··· Source records ···

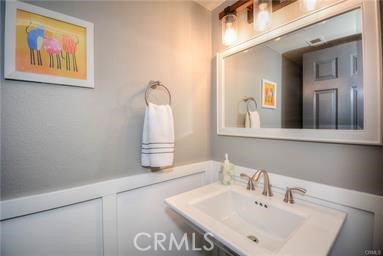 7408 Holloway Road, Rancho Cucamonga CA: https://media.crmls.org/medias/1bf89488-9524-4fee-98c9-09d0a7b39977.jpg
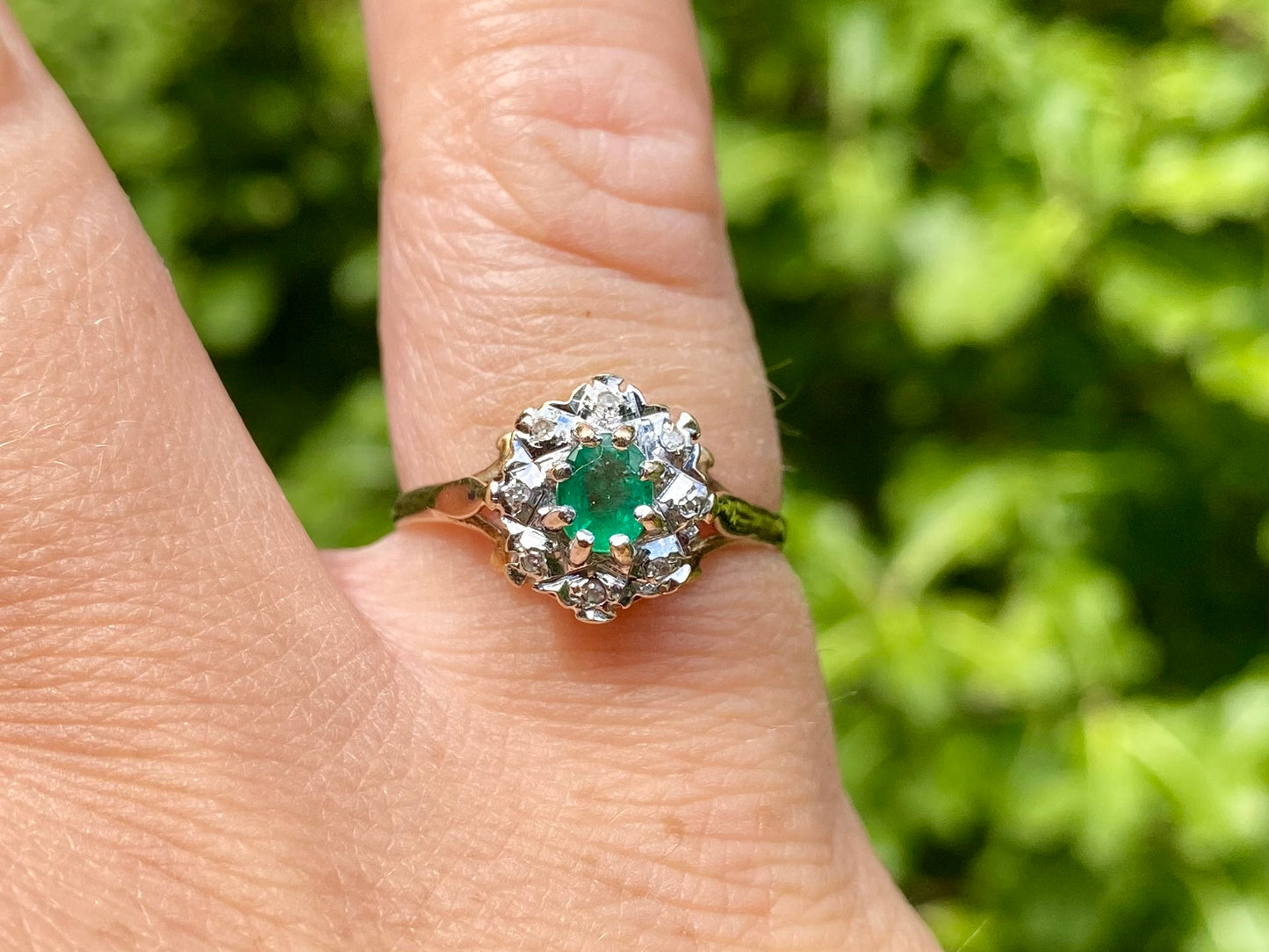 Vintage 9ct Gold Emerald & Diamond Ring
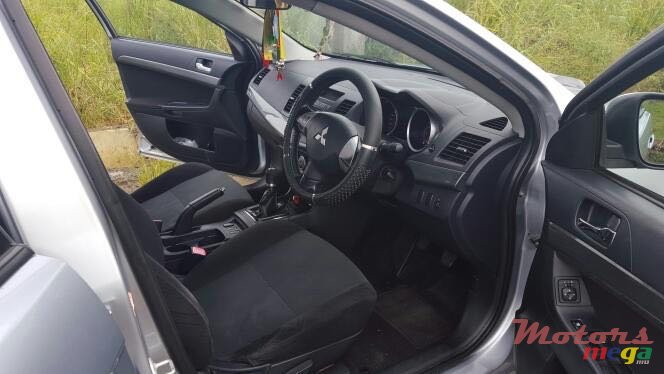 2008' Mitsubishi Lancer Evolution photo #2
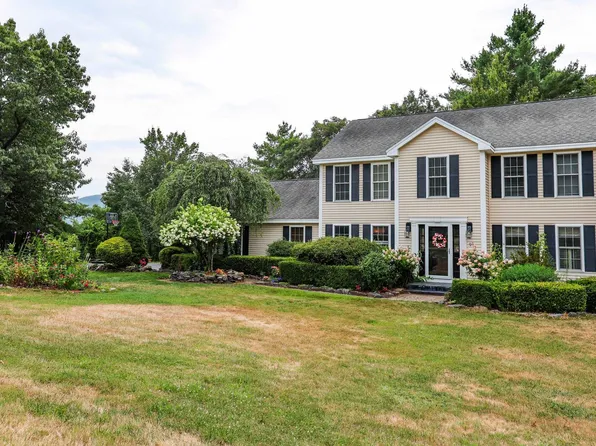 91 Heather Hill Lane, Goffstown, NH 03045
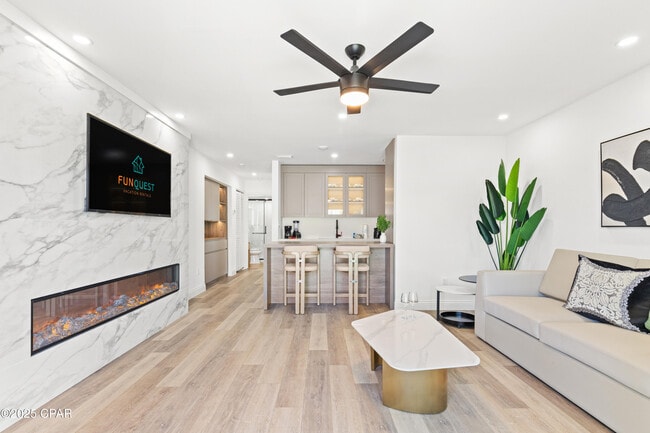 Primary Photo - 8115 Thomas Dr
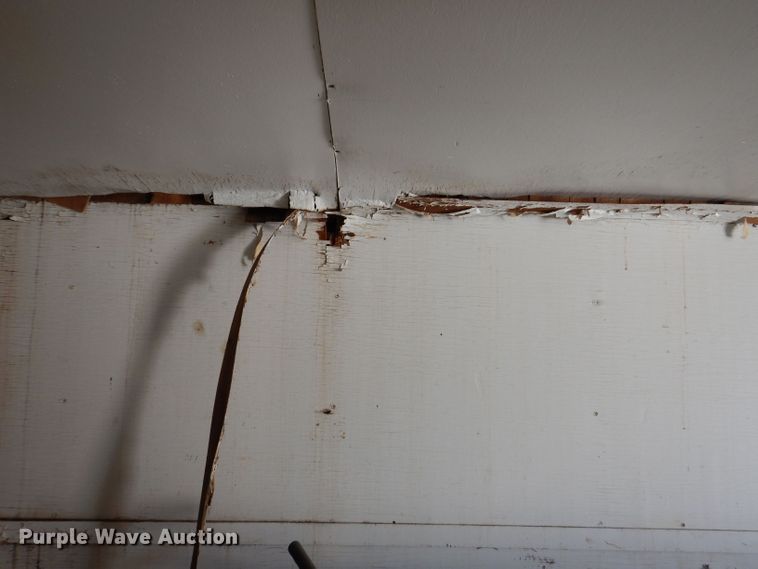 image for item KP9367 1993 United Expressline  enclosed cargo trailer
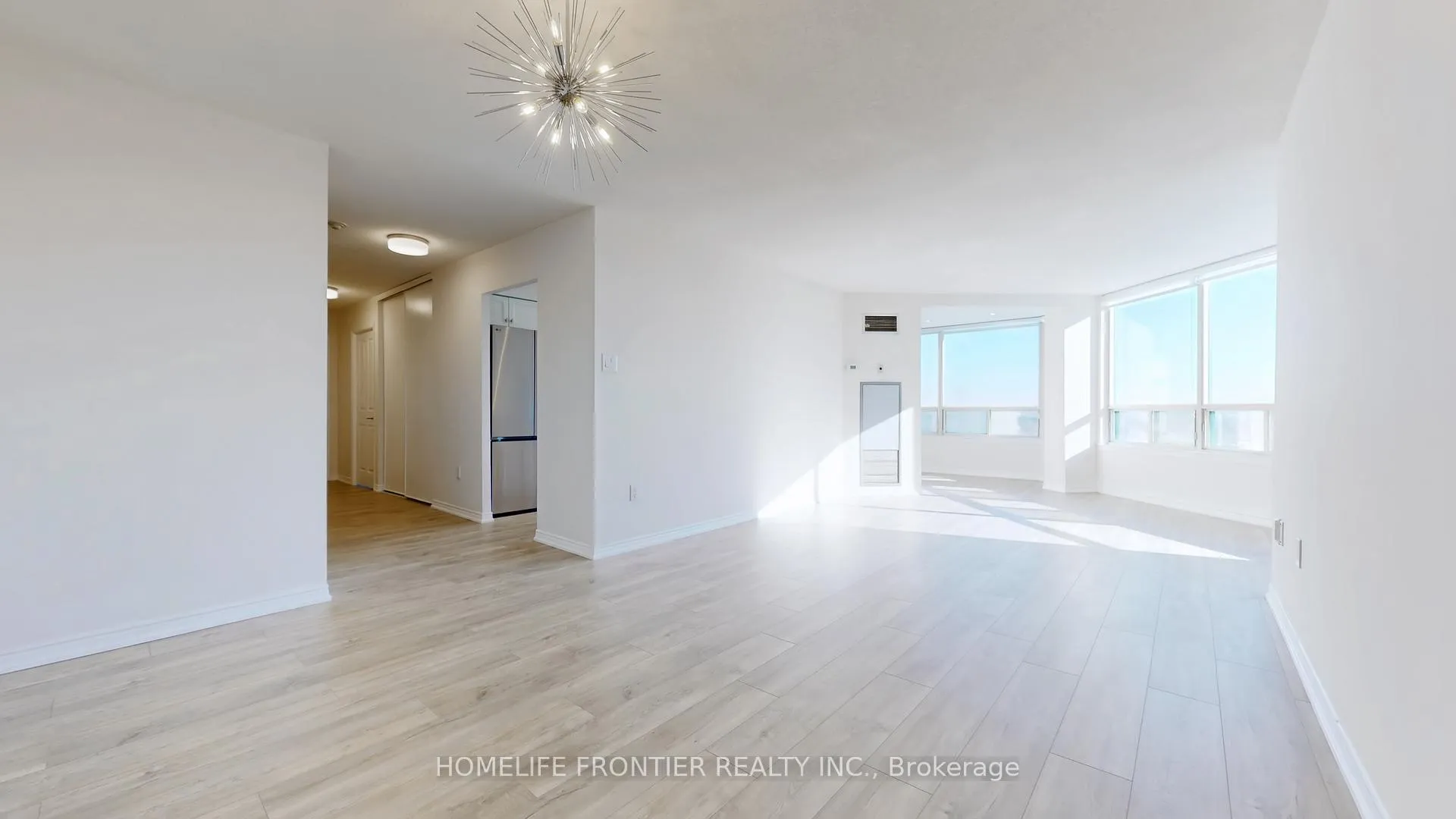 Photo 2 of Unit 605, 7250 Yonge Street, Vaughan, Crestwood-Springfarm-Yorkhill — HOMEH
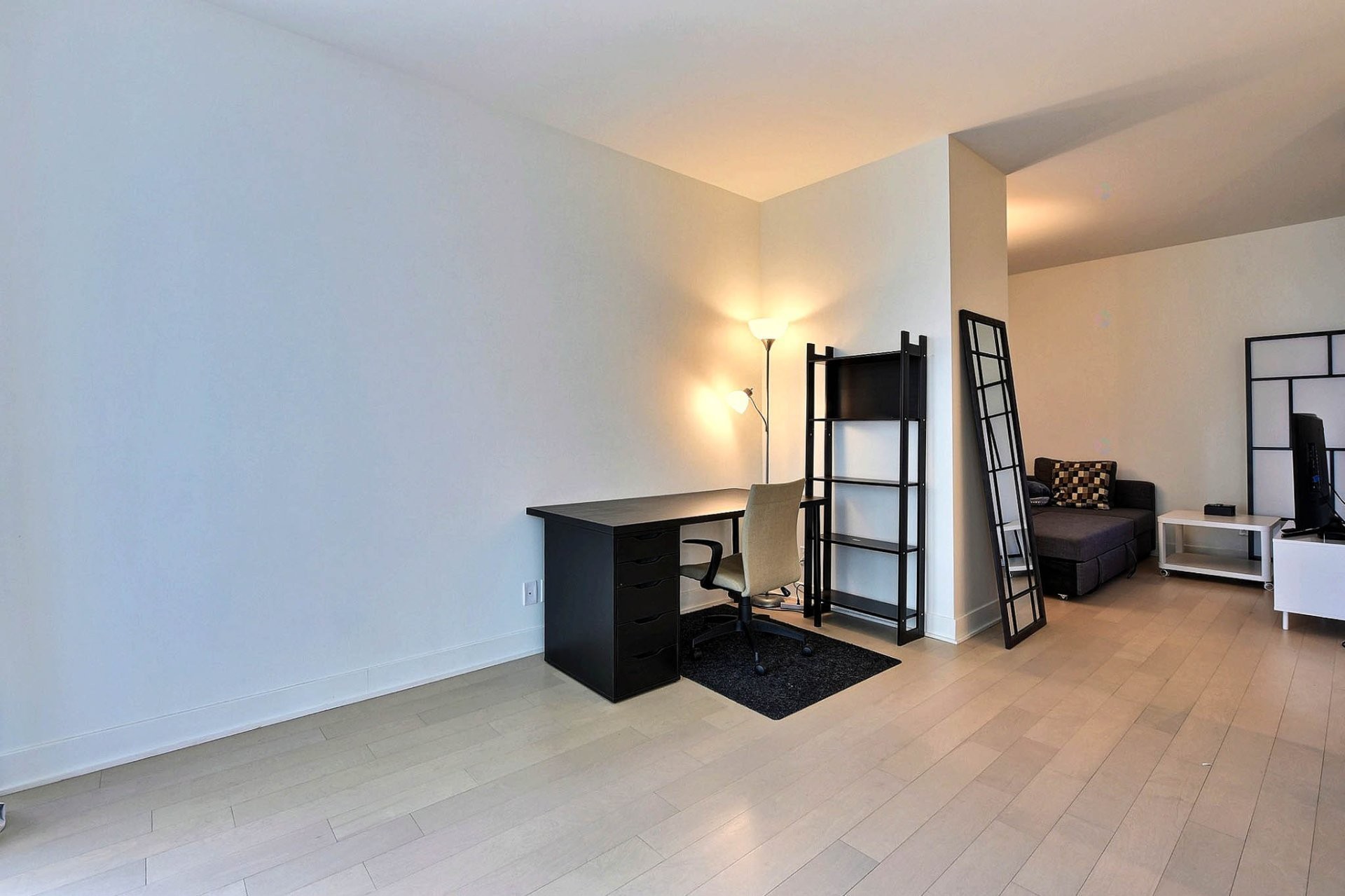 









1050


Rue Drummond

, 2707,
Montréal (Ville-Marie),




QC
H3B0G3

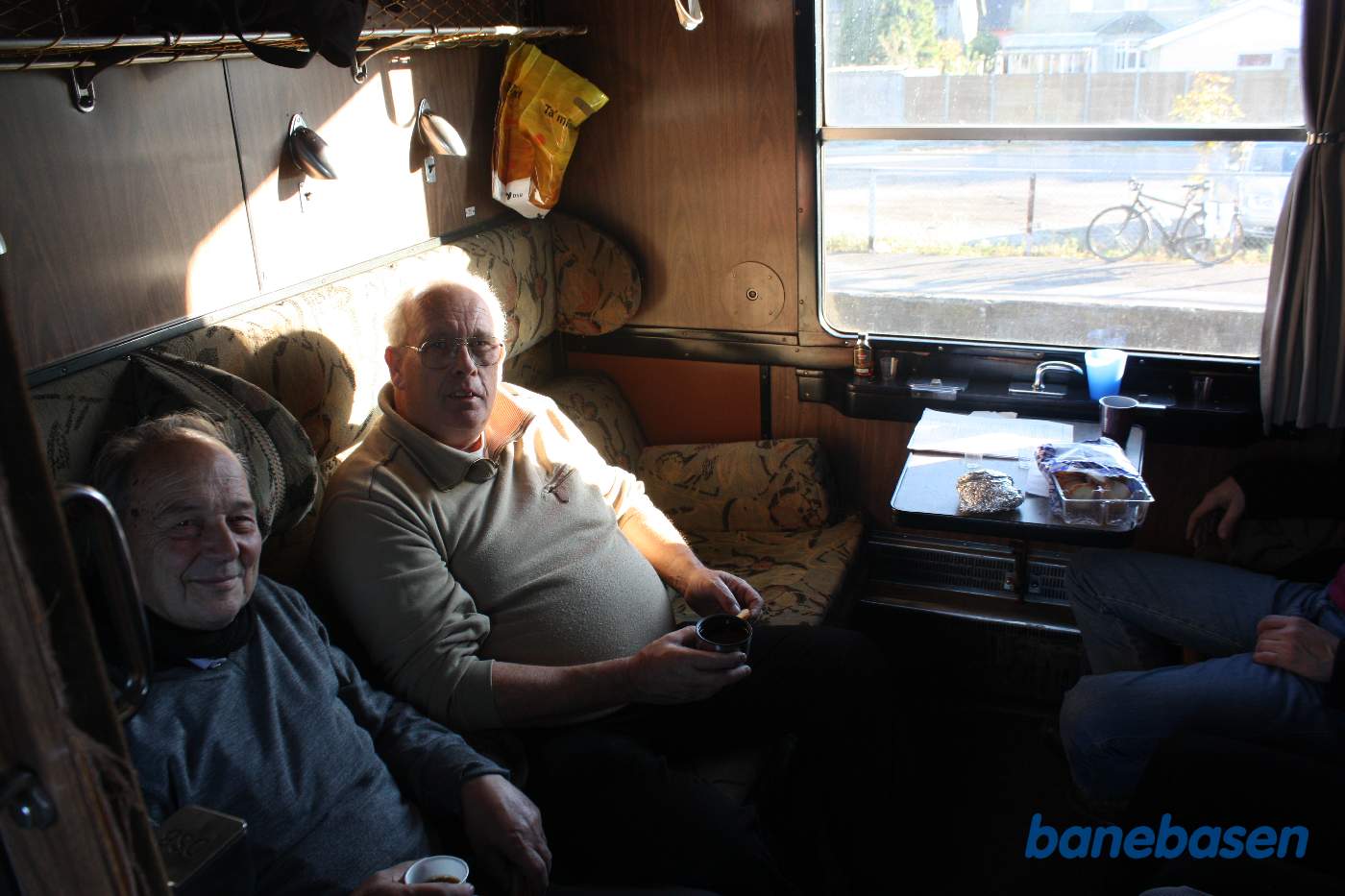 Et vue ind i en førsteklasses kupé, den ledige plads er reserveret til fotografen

···

Try it:
Nothing but the lines from the first line of the records above to the line with "Primary Photo - 8115 Thomas Dr", inclusive, should be transcribed exactly, and the pictures must be left out.

Completed task:
 7408 Holloway Road, Rancho Cucamonga CA: https://media.crmls.org/medias/1bf89488-9524-4fee-98c9-09d0a7b39977.jpg
 Vintage 9ct Gold Emerald & Diamond Ring
 2008' Mitsubishi Lancer Evolution photo #2
 91 Heather Hill Lane, Goffstown, NH 03045
 Primary Photo - 8115 Thomas Dr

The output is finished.